Coalescing and starting a journey towards collective action.
‘Here’s to collective consciousness-raising!’
Dame Alison Peacock DL, DLitt
As we approach the final weeks of 2024, at Leading for Creative Thinking we’re reflecting on the year and making intriguing plans for the year ahead.
Intriguing because we began the year with a vision of our work as a platform, a resource and a community. However, despite all the advantages and convenience of online meetings, we recognised it wouldn’t necessarily be the place to nurture deep and transformative relationships. So, with that in mind, we decided to host an in-person gathering – without fully knowing what might emerge.
In October, we invited guests from across the education system including schools, early years, higher education, government, leadership and teaching bodies to an event in London and asked everyone to consider one question:
‘If Leading for Creative Thinking was more than just a website – if it was a big idea intended to create change in the system that enabled leaders to feel supported, teachers to feel joy and children to adopt their full capabilities of thinking and being creative – how might we build it together?’

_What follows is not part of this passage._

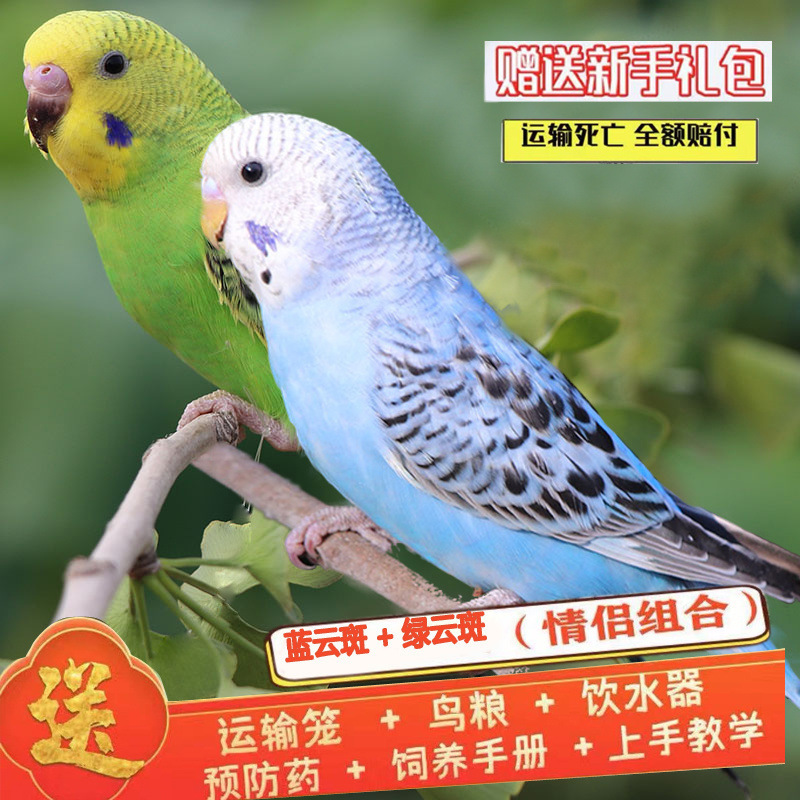 파란 구름 반점 + 녹색 구름 반점 (Bao Xue 말하기) 커플 매칭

The invitation took us and our guests in a myriad of directions including a discussion on the need for better coordination and communication around the importance of creative thinking. Yet, the real spark we observed was between the people representing different parts of the system, and the opportunities and ideas these connections opened up.
‘Suddenly, there it was. Individual leaders of creative thinking (whether doing so implicitly or explicitly) bringing their imagination to the fore and seeing the possibilities, driven by connectivity and the desire to pool knowledge and understanding, and problem-solve together!’

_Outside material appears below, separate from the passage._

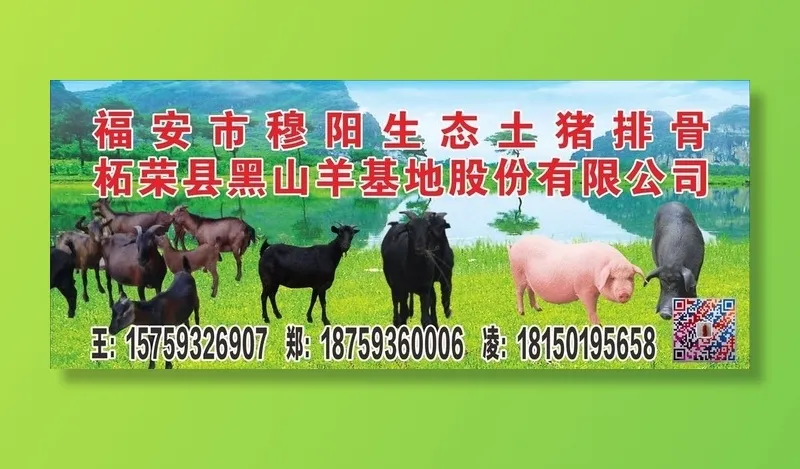 黑山羊海报图片cdr矢量模版下载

- Nia Richards, CCE Director
The experience has encouraged us to think about and explore how we can use our professional learning facilitation skills and relationship-building experience to support the profession and foster enabling conditions for systemic change.
As Bill Bannear observes:
“Value is created, and breakthroughs are made through the strength, number and quality of relationships in these systems. Exactly what these relationships will produce isn’t determined — but they create new affordances in the system, allowing for the emergence of value naturally over time.”
At Leading for Creative Thinking/CCE, we believe that building quality relationships - inside and outside education- and across the ecosystem, is a vital step for us to grow our community, identify the opportunities we can leverage collectively, and the barriers we need to overcome, or avoid, in order to create sustainable change.
Image: London Roundtable, October 2024. A map of UK and Belgium-based connections within the education ecosystem, an activity facilitated by Leading for Creative Thinking@CCE to make our inter-connectedness visible.
In the coming months, we’re going to continue exploring the possibilities of relationship building both offline and online, bringing leaders of creative thinking together and putting everyone in the shoes of system leaders to inquire, imagine, collaborate, persist – and formulate actions.
‘People are like bees and society a beehive: our intelligence resides not in individual brains but in the collective mind. Human thought is a product of a community, not of any individual alone. The contributions we make as individuals depend more on our ability to work with others.